Category Archives: Kerguelen

Why the attraction to Kerguelen?

Where does the strange attraction of the polar regions lie, so powerful, so gripping that on one’s return from them one forgets all weariness of body and soul and dreams only of going back?

Jean-Baptiste Charcot as quoted by Graham Collier and Patricia Graham Collier in Antarctic Odyssey, (New York: Caroll & Graf Publishers, Inc., 1999), xiv.

And now you know …

After consulting a fluent French major, after talking up the island for four years, and after recording not just one but two Jean-Luc stories, I suddenly came across this debilitating revelation.

“In English, ‘Kerguelen’ is pronounced [‘kə:gɪlɪn], [‘kɚgələn], etc.” Wikipedia

I can hardly think of anything to say. I’ve been all wrong. And I guess the only worthwhile question left to ask is … well … uh … how do you pronounce ‘kə:gɪlɪn or ‘kɚgələn?

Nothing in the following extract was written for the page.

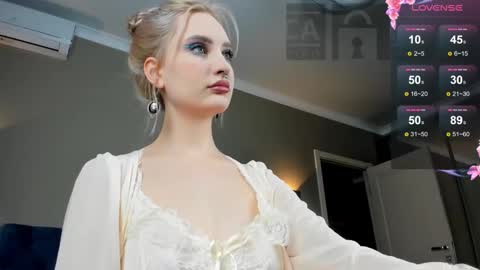 Ria Woods online show from 11.10.25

P.S. Read Why Kerguelen? for an explanation as to my fascination with the island(s).

Christmas Harbor

After Captain Yves de Kerguelen de Tremerac discovered Isle de Kerguelen in 1772, Captain James Cook visited the island on Christmas day 1776 (more info). At the time there was a 300 foot arch of stone which caught the crew’s attention. Jean-Paul Kauffmann writes of his fascination with this arch and his great disappointment when, after finally getting the chance to visit the island, he found that the arch had fallen years earlier. (I must admit that I was disappointed to learn that as well.) But even though the arch has fallen, the harbor is still quite beautiful as you can see in this photograph taken by Olivier Duriez during his recent trip. This is one of many interesting pictures of the island which are available at this web site.